O diário francês Libération noticiou nesta sexta-feira (21), em sua edição imprensa, o desmonte das atividades da Cinemateca Brasileira e o risco imposto a um dos maiores acervos de imagens animadas da América Latina, depois da instituição ser obrigada a demitir seus funcionários. “Com Jair Bolsonaro no poder desde janeiro de 2019, a cultura no Brasil se tornou um campo de batalha. Até mesmo um campo de ruínas”, diz o jornal.
“Não há mais ministério (suprimido em uma simples secretaria de Cultura, na qual cinco secretários já passaram em menos de dois anos), corte impiedoso de orçamentos, retorno informal da ditadura… E agora, a Cinemateca em agonia. Sob autoridade federal, mas instalada em São Paulo desde sua fundação, na década de 1940, a Cinemateca Brasileira, tratada pelo governo ‘a pão seco’, foi recentemente obrigada a paralisar suas atividades. Seus 52 funcionários foram despedidos. Seus arquivos, um dos principais acervos de imagens animadas da América Latina (muitos dos quais ainda consistem em bobinas de nitrato, substância sujeita à autocombustão), estão em perigo”, diz a matéria, logo na introdução.
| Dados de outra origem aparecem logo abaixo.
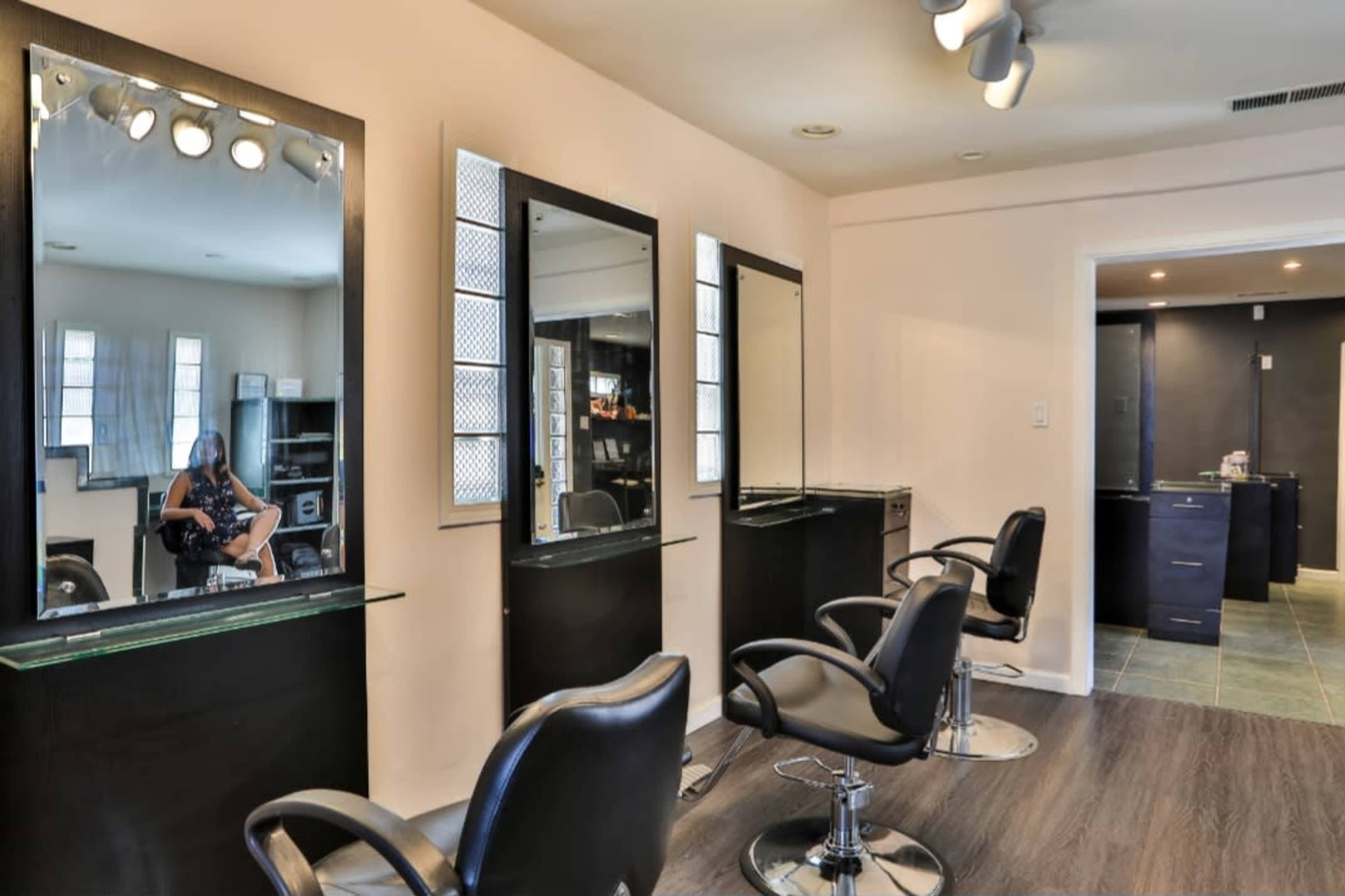A modern hair salon with three styling stations, each featuring a mirror and a black salon chair, and a customer seated in one of the mirrors.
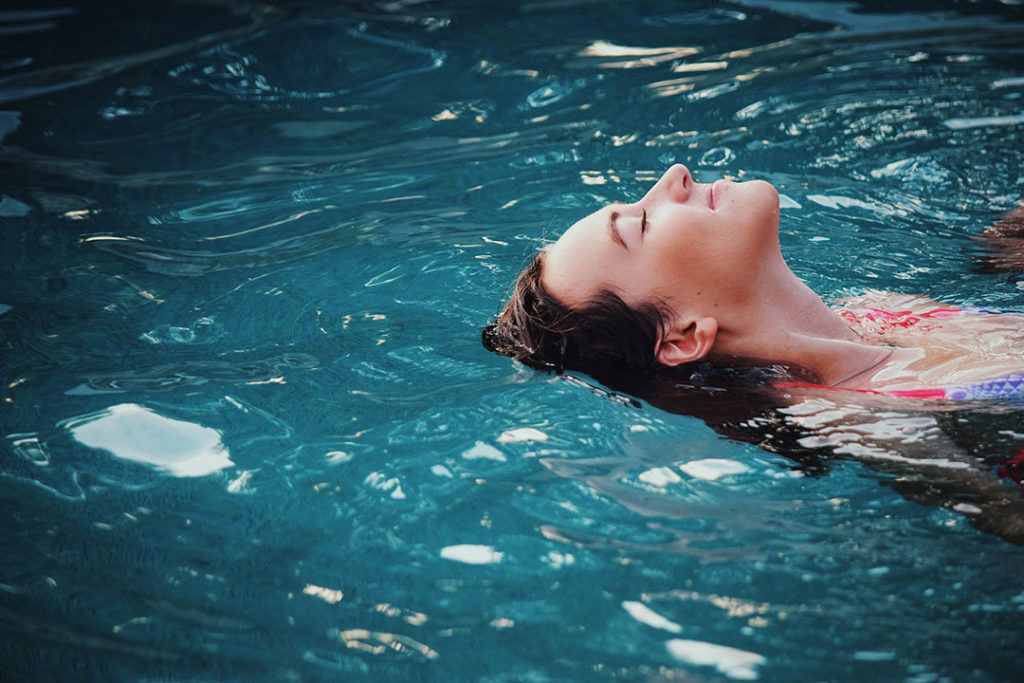 a woman floating in a pool
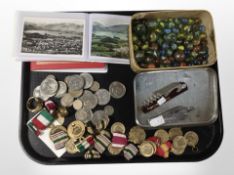 A quantity of vintage glass marbles, crowns, two albums of Lake District postcards, medals, etc.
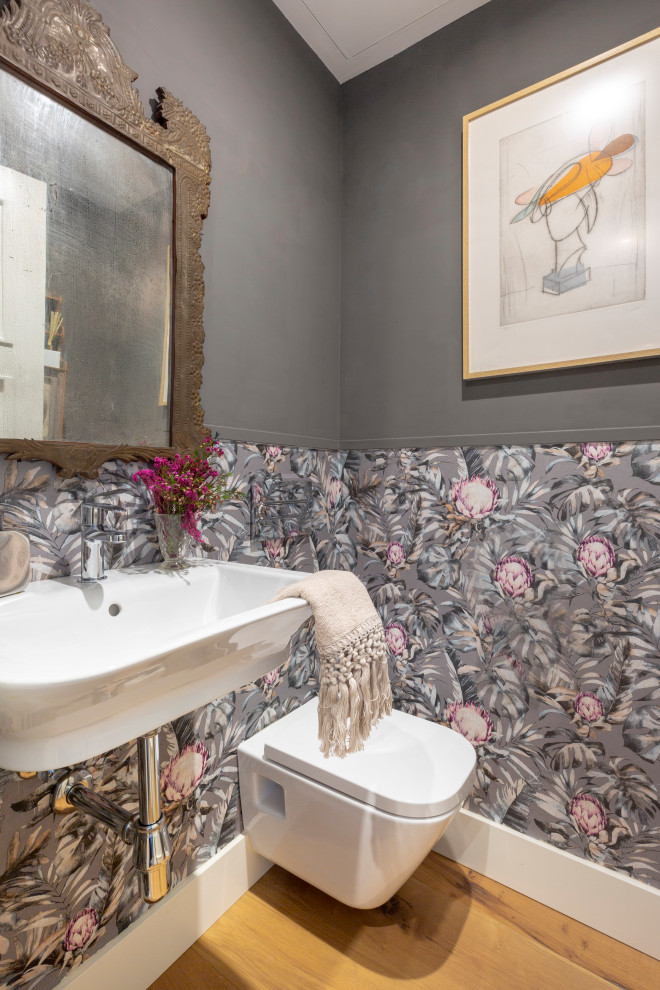 Cette image montre un WC suspendu traditionnel de taille moyenne avec un mur gris, parquet clair et un lavabo suspendu.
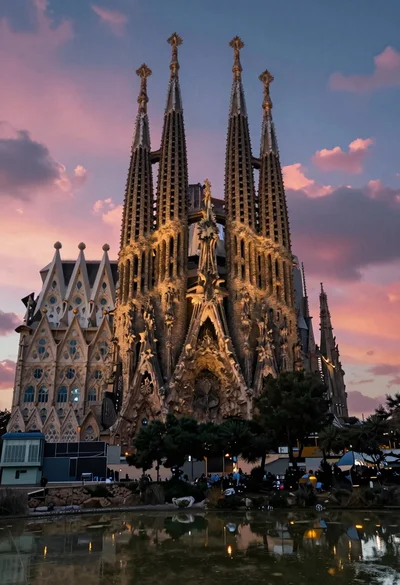 Illuminated sagrada familia cathedral facade reflecting on dark water at twilight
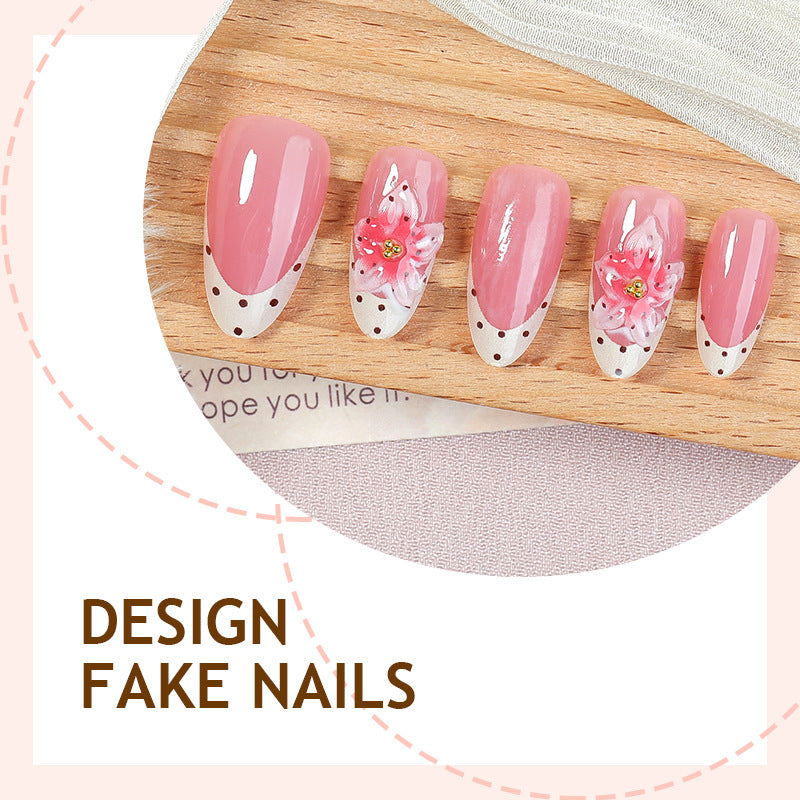 Nail art set with floral designs and glitter accents Stornfield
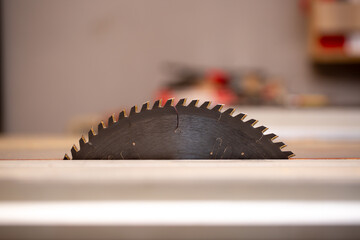 Sawmill close-up disc saw. Furniture production sawing parts for wooden furniture. Industrial plant.
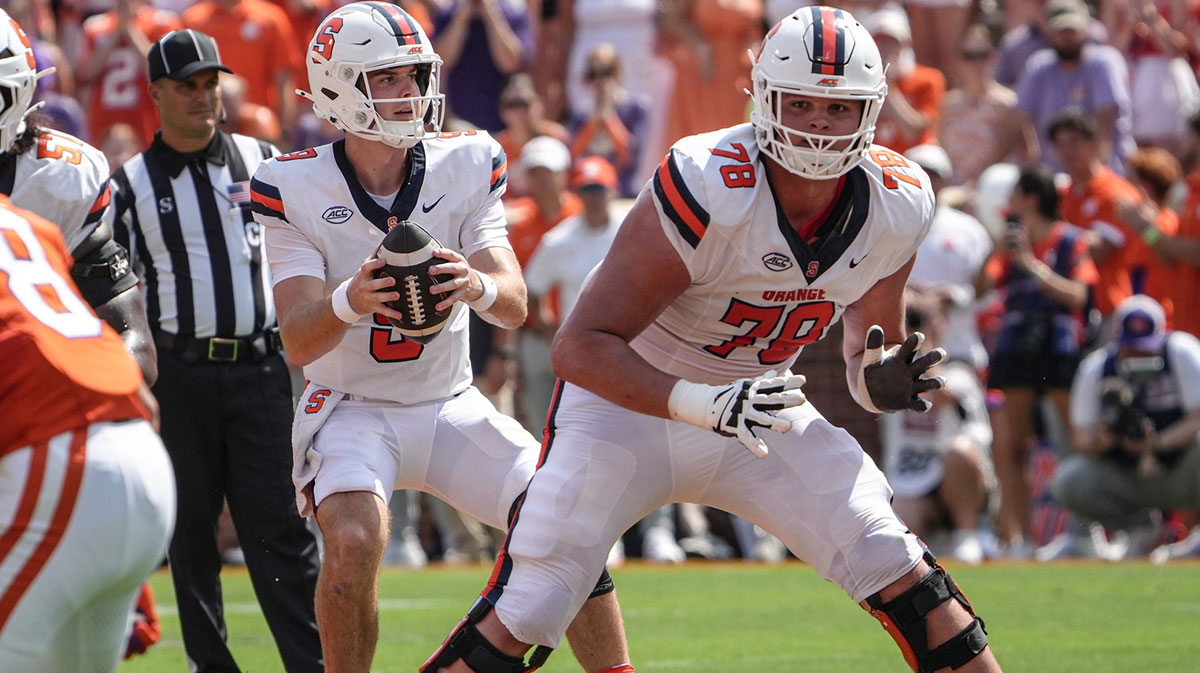 Syracuse Orange quarterback Steve Angeli (9) takes a snap near offensive lineman Joe Cruz (78) playing the Clemson Tigers during the first quarter at Memorial Stadium.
Citando o “genocídio cultural”, o francês também faz a denúncia pela fala da diretora Paloma Rocha, que se recusou a retirar das instalações obras de seu ilustre pai, Glauber Rocha, dirigente do Cinema Novo. “Meu pai está lá há mais tempo do que este governo de idiotas”.
O Libération diz que este ano, apesar de uma dotação orçamentária de cerca de 2 milhões de euros para a Cinemateca, nem um centavo foi liberado, sob o pretexto de que o contrato com a Acerp, a associação que o administrava desde 2018, havia expirado. “Como o governo não queria renová-lo, o secretário do audiovisual, Hélio Ferraz, veio tomar posse das instalações no dia 7 de agosto, escoltado por policiais armados”.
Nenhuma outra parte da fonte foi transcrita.